Pada 1942, Belanda yang menjajah Indonesia ratusan tahun lamanya ternyata tidak siap dengan serbuan dari luar. Dari arah utara, tentara pendudukan Jepang datang merebut Indonesia.

Negeri Mata hari Terbit tiba dengan kepentingan menjadikan Indonesia sebagai wilayah pemasok bahan baku dan bala bantuan pendukung. Tujuannya agar Jepang memenangkan Perang Asia Timur Raya yang sedang berkecamuk melawan Amerika Serikat (AS) dan sekutu.

Sebagai siasat awal, Jepang merangkul tokoh-tokoh dari kalangan umat Islam yang selama ini dipinggirkan pemerintah kolonial Belanda. Di antaranya adalah ulama yang memiliki basis massa pesantren.

Namun, baru berselang satu atau dua tahun sejak masuknya Jepang, umat Islam merasakan situasi yang sama sekali tertekan sebagaimana ketika masih di bawah pemerintah kolonial. Sejumlah pesantren menggelorakan perlawanan terhadap kekejaman Jepang.

photo
Warga terlibat saling dorong dengan pasukan Jepang di depan Hotel Majapahit saat teatrikal peristiwa perobekan bendera di Hotel Yamato sekarang Hotel Majapahit di Jalan Tunjungan, Surabaya, Jawa Timur, Rabu (19/9/2018). - (ANTARA FOTO/Zabur Karur)

Satu contoh perjuangan anti-Jepang itu terjadi di Pesantren Sukamanah. Lokasinya terletak di desa Cimerah, Singaparna, Tasikmalaya. Pemimpinnya merupakan kiai muda yang kharismatik, KH Zaenal Mustafa.

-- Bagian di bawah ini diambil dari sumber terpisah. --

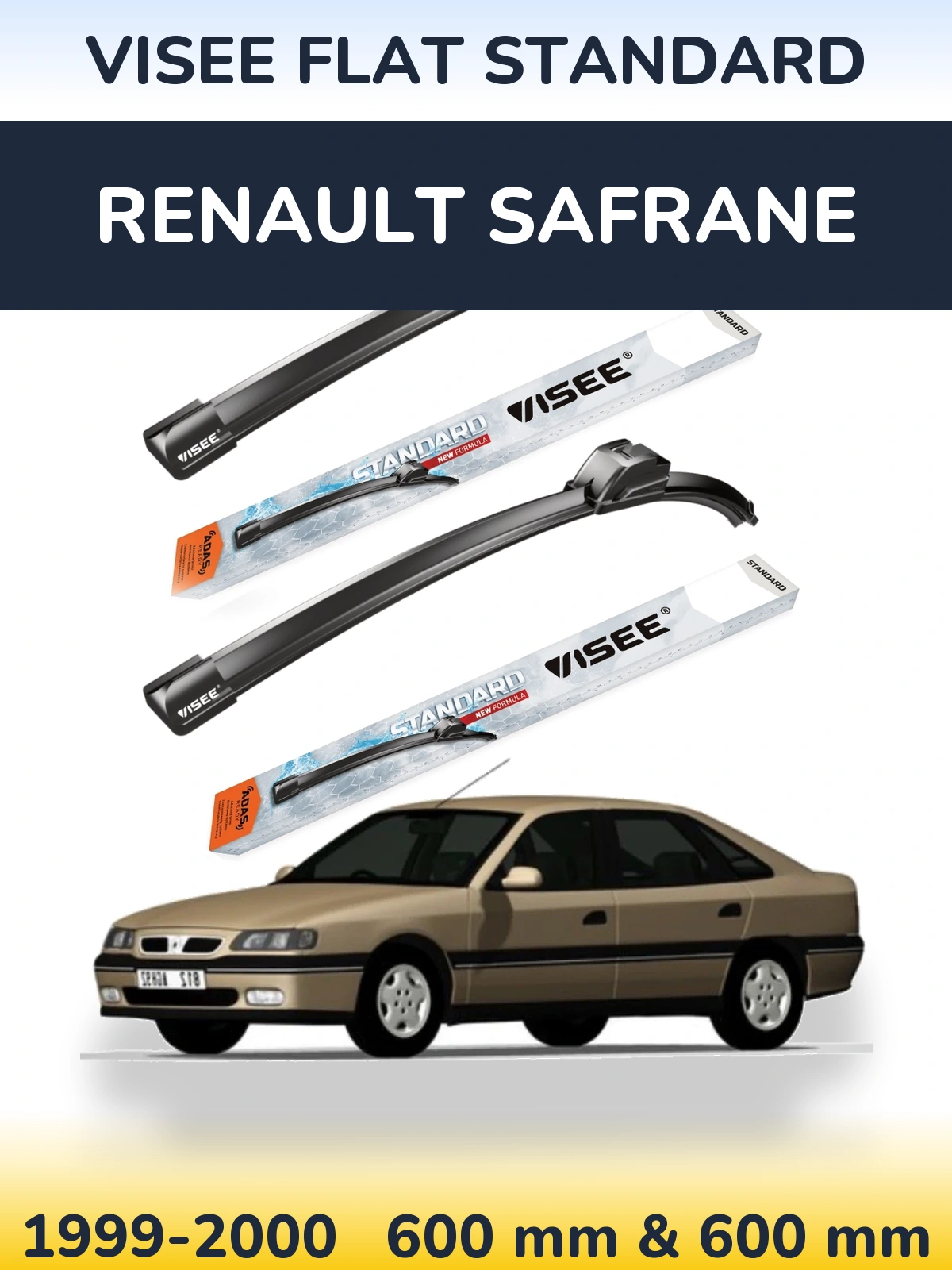 Ștergătoare VISEE FLAT STANDARD pentru Renault Safrane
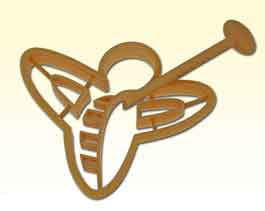 Bienen-Ausstecher mit Ausdr�cker Bienen-Ausstecher mit Ausdr�cker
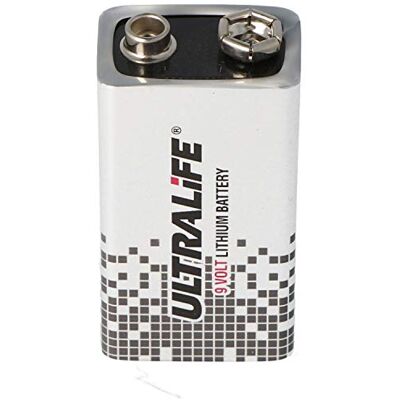 Ultralife Batterie au lithium 9 V, E-Block, U9VL, U9VL-J - Publicité Ultralife Batterie au lithium 9 V, E-Block, U9VL, U9VL-J - Publicité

Dia baru berusia 26 tahun saat mendirikan Pesantren Sukamanah pada 1927. Ketokohannya tidak sebatas pada pesantren tersebut. Dia sadar betul bahwa pelbagai strategi-strategi penjajah sedang melumpuhkan daya umat Islam.

Kesadaran itu menyebabkannya berkali-kali dipenjara. Kejadian berikut ini terjadi sebelum Jepang menduduki Indonesia.

Tokoh Nahdlatul Ulama (NU) ini terlibat aktif dalam polemik tahun 1937. Saat itu, pemerintah kolonial Belanda hendak mengesahkan rancangan undang- undang tentang perkawinan. NU dan Muhammadiyah menolak keras pemberlakuan beleid itu. 

Menyatukan kekuatan

Untuk menyatukan kekuatan, ormas- ormas Islam arus besar kemudian membentuk Majelis Islam A'la Indonesia (MIAI). KH Zainal Mustafa merupakan yang turut aktif di MIAI.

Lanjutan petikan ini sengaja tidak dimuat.